What the task asks: Give the lines below again, exactly as they stand, and leave out the images.

Given material:
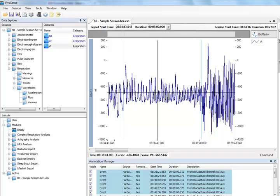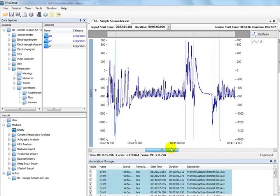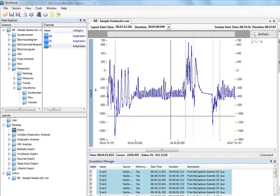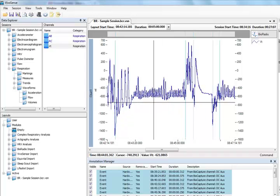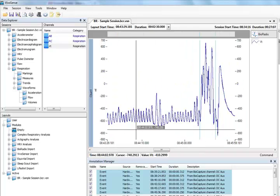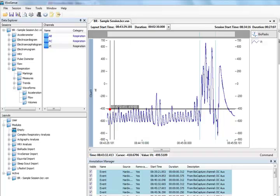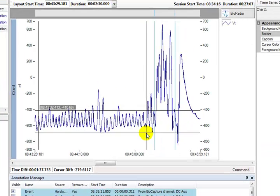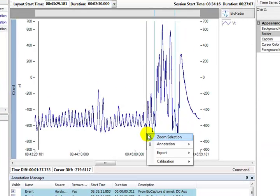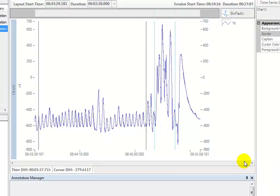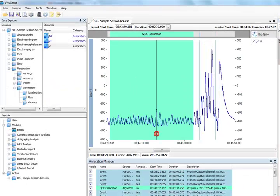We can now manually perform QDC calibration. This means that the user selects the region to apply the calibration versus this region being automatically chosen. On the VT channel, we use the left mouse click and drag across the range over which we want to do the calibration. We must select a range that includes a minimum of 16 breaths, otherwise VivoSense will warn us that calibration was not possible. From the resulting dialogue menu, we choose Calibration, Respiration, QDC calibration. VivoSense will calibrate over the range and show a dialogue with the results of the calibration. Press Yes to accept. Note that we recommend a 5 minute period of stable respiration for application of QDC.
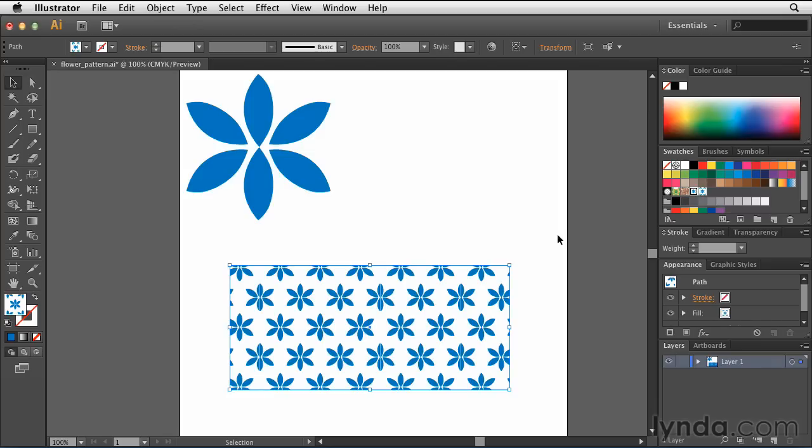So there you have it, how to quickly create a new pattern here inside of Illustrator using the all new Pattern Options feature. Take some time and explore this feature on your own, and you'll be amazed at the type of stuff you can create.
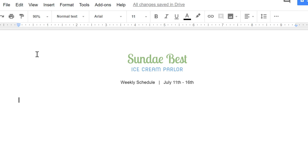Using regular text to compose your document is fine in most cases. For something that requires more organization, though, you might want to try a table instead. This will help you type your content into columns and rows rather than lines of text.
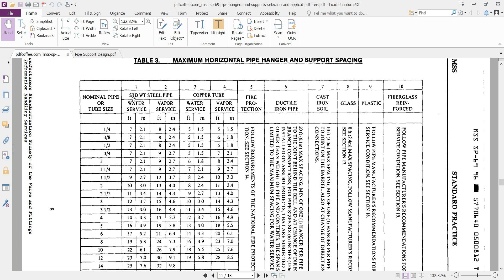Just consider that these data are set for standard wall thickness steel pipes. As I told you previously, one of the key factors in calculating the safe pipe span is the wall thickness of the pipe.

Your solution:
We can now manually perform QDC calibration. This means that the user selects the region to apply the calibration versus this region being automatically chosen. On the VT channel, we use the left mouse click and drag across the range over which we want to do the calibration. We must select a range that includes a minimum of 16 breaths, otherwise VivoSense will warn us that calibration was not possible. From the resulting dialogue menu, we choose Calibration, Respiration, QDC calibration. VivoSense will calibrate over the range and show a dialogue with the results of the calibration. Press Yes to accept. Note that we recommend a 5 minute period of stable respiration for application of QDC.
So there you have it, how to quickly create a new pattern here inside of Illustrator using the all new Pattern Options feature. Take some time and explore this feature on your own, and you'll be amazed at the type of stuff you can create.
Using regular text to compose your document is fine in most cases. For something that requires more organization, though, you might want to try a table instead. This will help you type your content into columns and rows rather than lines of text.
Just consider that these data are set for standard wall thickness steel pipes. As I told you previously, one of the key factors in calculating the safe pipe span is the wall thickness of the pipe.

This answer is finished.